[ok-edinburgh] Open Knowledge meeting

Thu Feb 25 13:06:18 UTC 2010

dear Bonnie, thanks for this.

On 25/02/2010 13:20, Bonnie Webber wrote:
> Robin/Jo - Is this too far-fetched a link to the content
> of your Open Knowlege meeting?
>
> http://www.nature.com/news/2009/090824/full/news.2009.857.html
>
> The robots that people are assuming will automatically
> annotate and enrich documents created in Google Wave can
> only work if the databases and texts they need to crawl
> are themselves open.

Robin mentioned Peter Murray-Rust, and I was thinking of him too.

He did a talk at a workshop on Text Mining applications in Manchester 
last year on just this subject. A memorable line:
"My bots know a lot about chemistry, but nothing about copyright".

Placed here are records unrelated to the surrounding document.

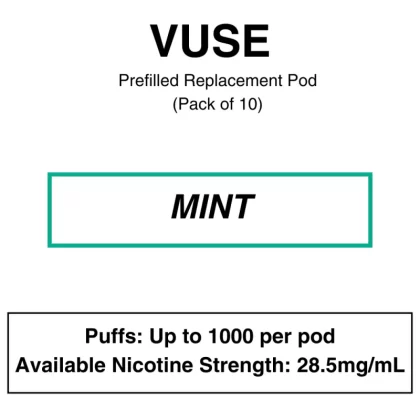 Vuse – Mint – 10pcs/pack – 28.5mg/mL Nicotine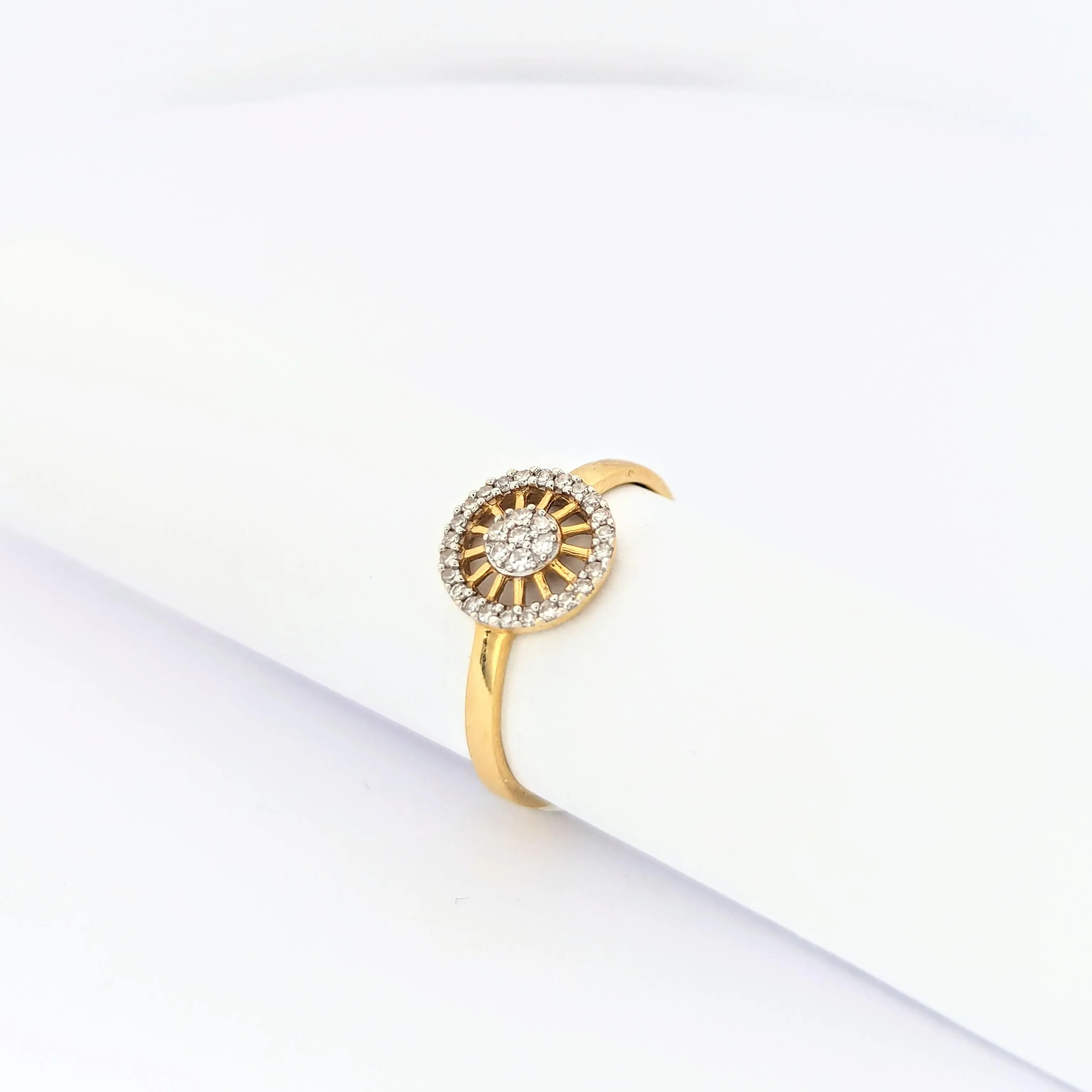 Bague or jaune et diamants sold by 58 Facettes product image thumbnail 5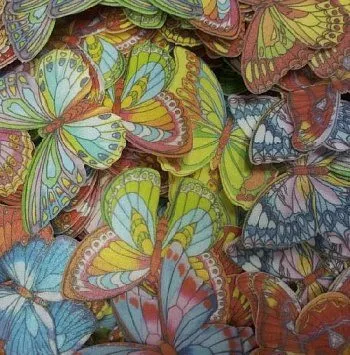 фотография продукта Вафельные бабочки 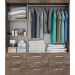 Guarda Roupa Casal Capri 3 Portas Correr 9 Gav  Chocolate/off White
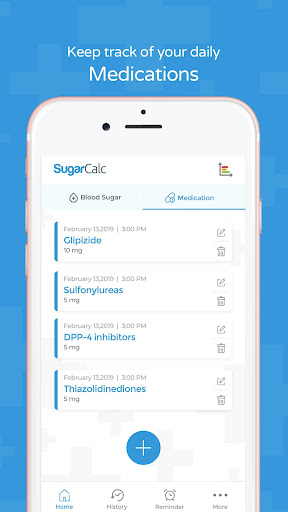 BloodSugar & Medication Record Screen 3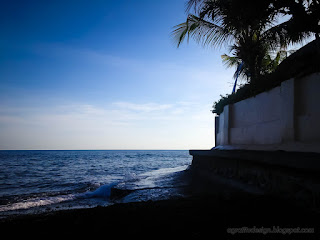 Garden House Walls And Beach Barrier At The Seaside In The Morning At Umeanyar Village North Bali Indonesia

He challenged the speaker from Elsevier to commit to making currently 
"free" text that is not open for re-use, available for use by automated 
natural language processing tools, but the speaker could not commit.

Similar situation with OCLC, their terms of use on WorldCat expressly 
prohibit any automated crawling and parsing of the bibliographic 
metadata and fulltext papers, even for a pure research application.

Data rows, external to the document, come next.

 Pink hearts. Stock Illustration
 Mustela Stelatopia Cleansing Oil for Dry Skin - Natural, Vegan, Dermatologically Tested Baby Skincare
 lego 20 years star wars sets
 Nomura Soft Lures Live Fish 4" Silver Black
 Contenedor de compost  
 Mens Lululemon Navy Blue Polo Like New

There's been a lot of sponsorship of text mining / enhancement 
techniques in the physical sciences, particularly in chemistry and 
bioinformatics, where there's lots of consistent vocabulary, potential 
for serendipitous findings, generally low-hanging fruit.

The same techniques could work in law, archaeology, social sciences - 
there doesn't seem to be the same level of support, but researchers 
scratching their itches could prove viability for future investment - if 
the corpora they were working with had no re-use restrictions.

cheers,

jo
--